Plants are basically used as specimens, in lines, in groups or in masses. Each method creates a different effect. Most landscapes will use all four types of groupings.
• Specimen or accent: You can use plants as specimens to emphasize a character shrub or an unusually interesting tree. Use sparingly an accent plant can can create interest and contrast. Flowering trees are commonly used for accents. Placing a specimen plant or small tree near the homes entrance can draw attention to that area.
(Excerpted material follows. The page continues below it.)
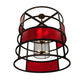 Meyda Lighting Tavern 48" 9-Light Cafe Noir Pendant Light With Cherry Rainfall Idalight Shade Glass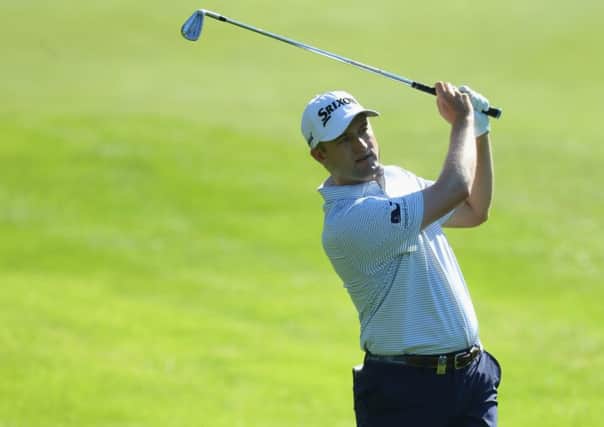 Russell Knox on the way to a one-under par 70 on the first day of the Turkish Open. Picture: Getty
• Line: Lines of trees, shrubs and other plants can help carry the home's architectural lines into the landscape. Straight or curved lines of tree plantings can shade parking or play areas or serve as a windbreak. Always select hardy, well-adapted plants to form a line since the visual effect can be spoiled if any of the plants become damaged. Also be sure that the same soil, drainage and sun conditions occur along the entire row since any of these factors will significantly affect the plant.
• Group: Grouping is a relatively natural way to use plants. Placing several trees, shrubs, etc. fairly close together will create a more massive effect. Since plants are often grouped naturally, this is a good method to relate your landscape to the natural environment.
• Mass: The mass is an extension of group planting. In mass plantings the individual plants tend to lose identity. Mass plantings are useful for relating larger buildings to the site since these plantings can be large enough to be in scale.